A party may ask the court to adjourn a hearing. A court will decide about a request of a party for adjournment submitted in advance, on the basis of the seriousness of the reason claimed. If the court does not grant the party’s request, the party must appear for the hearing.
The laws of the Czech Republic do not explicitly regulate such a situation.
In the case of proceedings involving an international element, during which a document is to be served on a party abroad, the procedural rules of the lex fori will be applied, i.e., the procedural rules of the court into whose jurisdiction the case falls.
Every failure to adhere to a procedural deadline has procedural consequences.

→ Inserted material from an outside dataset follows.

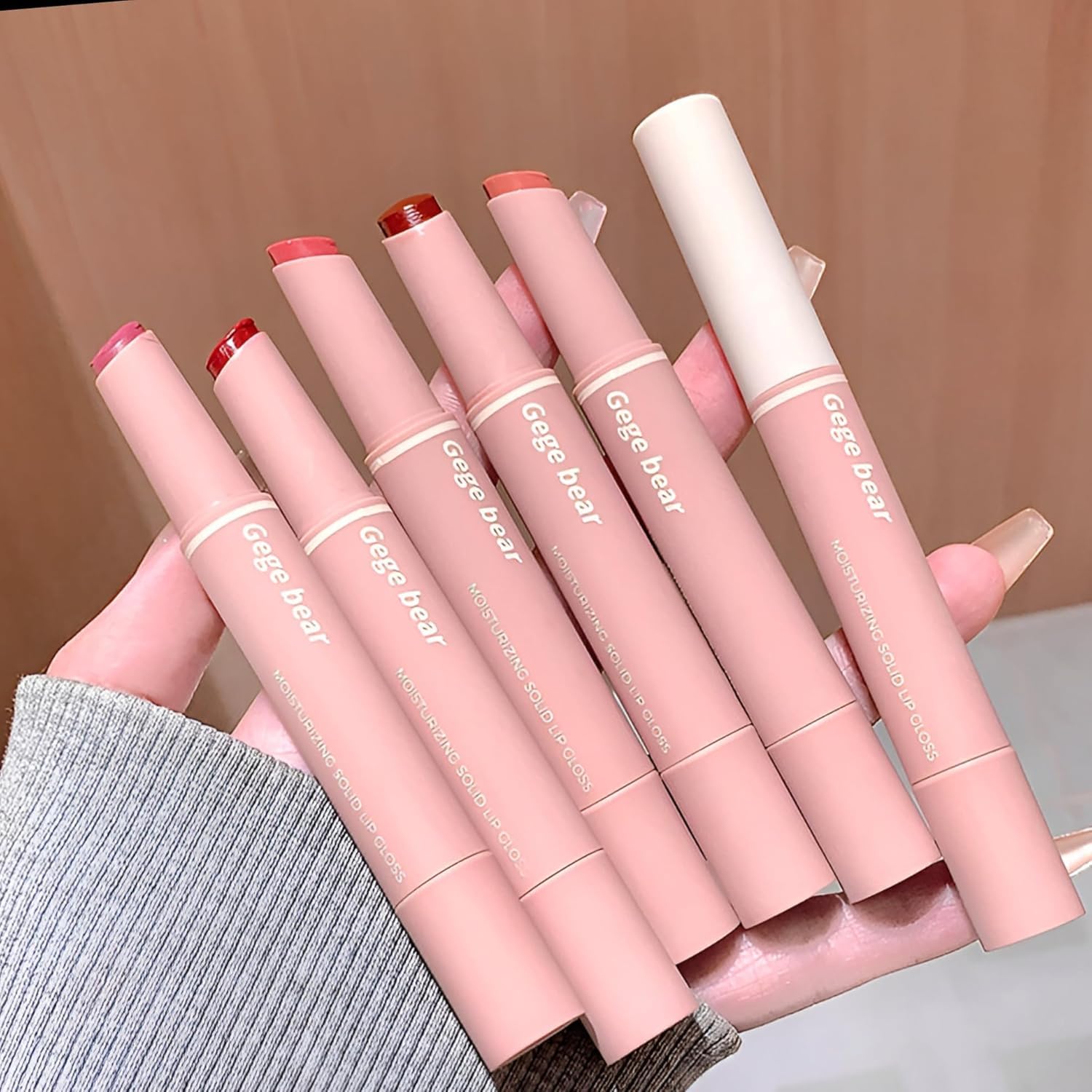 Gege Bear Solid Lip Gloss Moisturizing | Pink Lip Gloss High Shine Glass Finish Lipstick I Highly Pigmented I Soft & Nourished Lips | Glossy Finish For Fuller And Plump Lips | Slanted Tip for Easy Application | Versatile Shades from Nude to Red | Juicy Gloss Effect with Comfortable Wear (02# Nude Brown, 2.2g)-image-8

If the Code of Civil Procedure (Act No 99/1963, as amended) sets a certain deadline for the execution of an action (e.g., the submission of an appeal or extraordinary appeal), the failure to meet the deadline results in the loss of the possibility to successfully execute the action. The missing of the deadline may be excused if the party or its representative has missed it for an excusable reason (e.g., a sudden illness, injury, etc.) and was therefore unable to execute the action he is entitled to effect (see Section 58 of the Code of Civil Procedure), unless the excusing of the missing of a specific deadline is excluded by the Code of Civil Procedure (for example, pursuant to Section 235 (1) of the Code of Civil Procedure, excusing the missing of a deadline is excluded in the case of applications for the renewal of proceedings and for annulment). In the event of a deadline set for compliance with a certain obligation, the failure to meet the deadline results in the imposition of a certain sanction (for example, a disciplinary fine).
Each case of the missing of a judicial procedural deadline is linked by law with certain consequences. A judicial deadline may be extended by the chair of a judicial panel (or a judge sitting alone). Excusing the missing of a judicial deadline is not permissible.
An order for payment against which a statement of opposition has not been filed has the effects of a final and enforceable judgement (see Section 174 (1) of the Code of Civil Procedure).
The missing of a hearing has different consequences than the missing of a deadline. If a duly summoned party fails to appear for a hearing and has failed to request an adjournment in a timely fashion and for an important reason, the court may deliberate on the matter and rule in his absence (see Section 101 (3) of Act No 99/1963, Code of Civil Procedure, as amended) and, if the conditions set out in Section 153b of the Code of Civil Procedure are met, it can render a default judgement.
If the defendant misses the first hearing in a matter in which a default judgement was rendered for excusable reasons, the court shall set aside the judgement at the defendant’s request and order a hearing in the matter. A party can submit such an application up until the date on which the default judgement takes effect (see Section 153b (4) of the Code of Civil Procedure).
An appeal on the merits of the case is also permissible against a default judgement. If the defendant, in addition to filing an application for setting aside a first-instance court judgement, has also appealed the judgement, and the application for setting aside the judgement has been granted by an enforceable ruling, the appeal shall be disregarded (see Section 153b (5) of the Code of Civil Procedure).